Wenn wir als Erwachsene durch Kinderaugen unser Leben betrachten würden - könnte es sein, dass wir dann Kleinigkeiten im Alltag wieder mehr Aufmerksamkeit schenken? Dass wir unseren Träumen und Phantasien wieder einen anderen Stellenwert geben? Könnte es sein, dass wir dann weniger auf große Ziele und Vorstellungen von Glück hinleben und vielmehr dem Bedeutung verleihen, was gerade da ist? Könnte es sein, dass wir Enttäuschungen nicht nur Schlucken, sondern ausführlich beweinen und den nächsten Tag mit neuem Mut beginnen?

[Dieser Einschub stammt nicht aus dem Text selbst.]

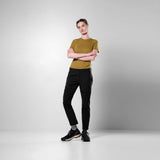 Salewa Puez Talvena DST 2/1 Damen Softshellhose black-out Produktbild 3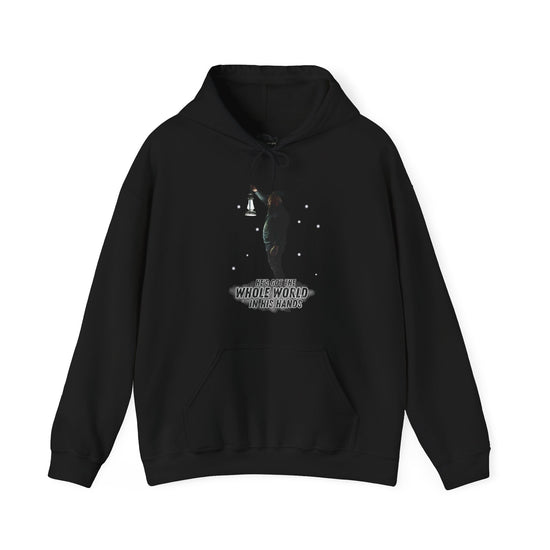 Hoodie to Match Air Jordan Retro 4 Black Cat Hoodie - WORLD IN HIS HANDS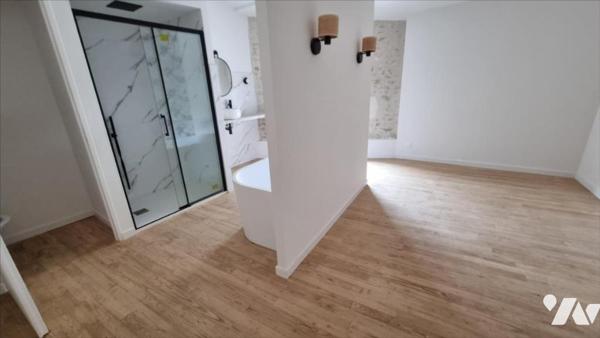 Maison en pierre restaurée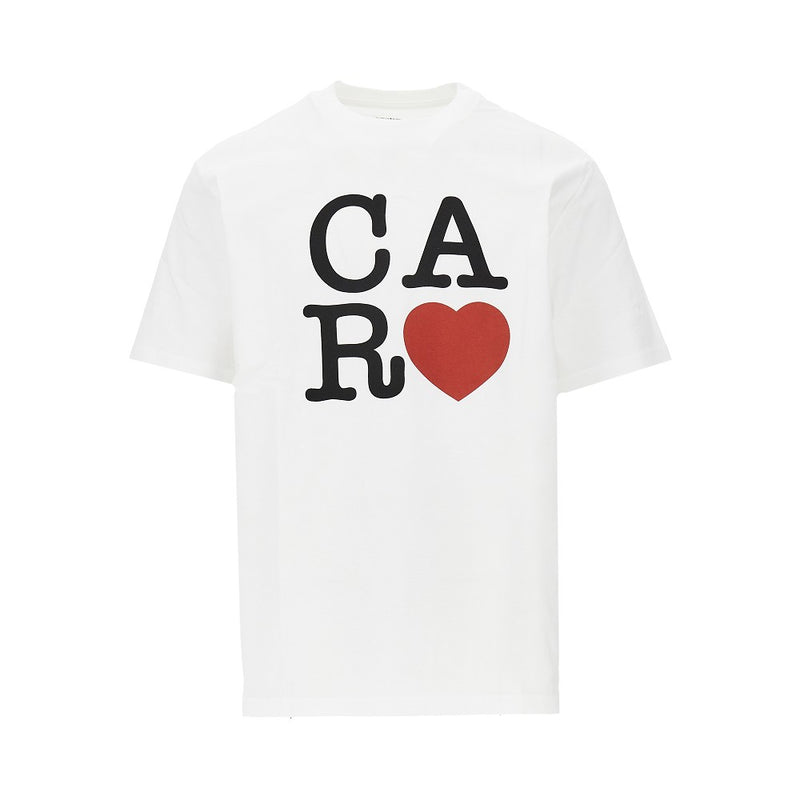 Carhartt WIP Carhartt WIP 'Car Heart' Print T-Shirt White - World Class Fashion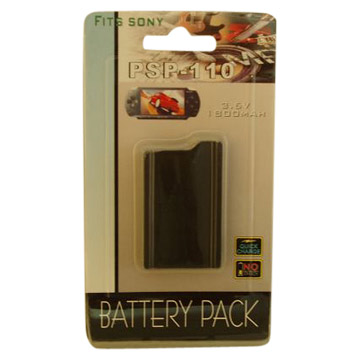 Battery Pack kompatibel für PSP (Battery Pack kompatibel für PSP)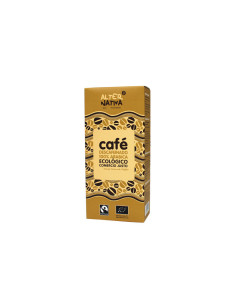 Cafe descafeinado molido bio 250 g Alternativa 3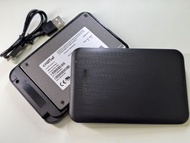 ACASIS 外置硬碟盒 + Crucial 128GB SSD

Und könnte es sein, dass wir uns dann auch wieder berühren lassen von der befremdenden Botschaft, dass Gott Mensch geworden ist? Dass er zu uns kommt in die Armut an Sinnerfahrung? "Fürchtet euch nicht - ich verkündige euch große Freude, die allen Menschen gilt: denn euch ist heute der Heiland geboren" heißt es in der Weihnachtsgeschichte. - Ein Blick auf unser Leben von ganz woanders her. Unser Alltag öffnet sich in den Glauben daran, dass Sinn gefunden und geschaffen werden kann. Nicht dann, wenn wir das nächste Ziel erreicht haben, wenn dieser Abend der Abende kommt oder wenn ein anderes großes Ereignis endlich stattfindet. Stimmigkeit finde ich in dem Moment, in dem ich mir durch Gott Bedeutung verleihen lasse, reich werde ich in dem Augenblick, in dem ich mein Leben in aller Einfachheit wichtig nehme so wie es gerade ist. Mein gutes Schuhwerk auf dem Weg durchs Leben besteht darin, dass ich lachen kann und dass ich weinen kann; genährt bin ich dadurch, dass ich Gott für das Geschenk meines Lebens danke und seiner göttlich-menschlichen Gegenwart in den kleinen und großen Augenblicken des Alltags Bedeutung verleihe. So wird Sinnerfahrung zum Geschenk und zur Aufgabe zugleich. Gottes Gegenwart ist Reichtum innerlich, wärmt das Herz von innen her.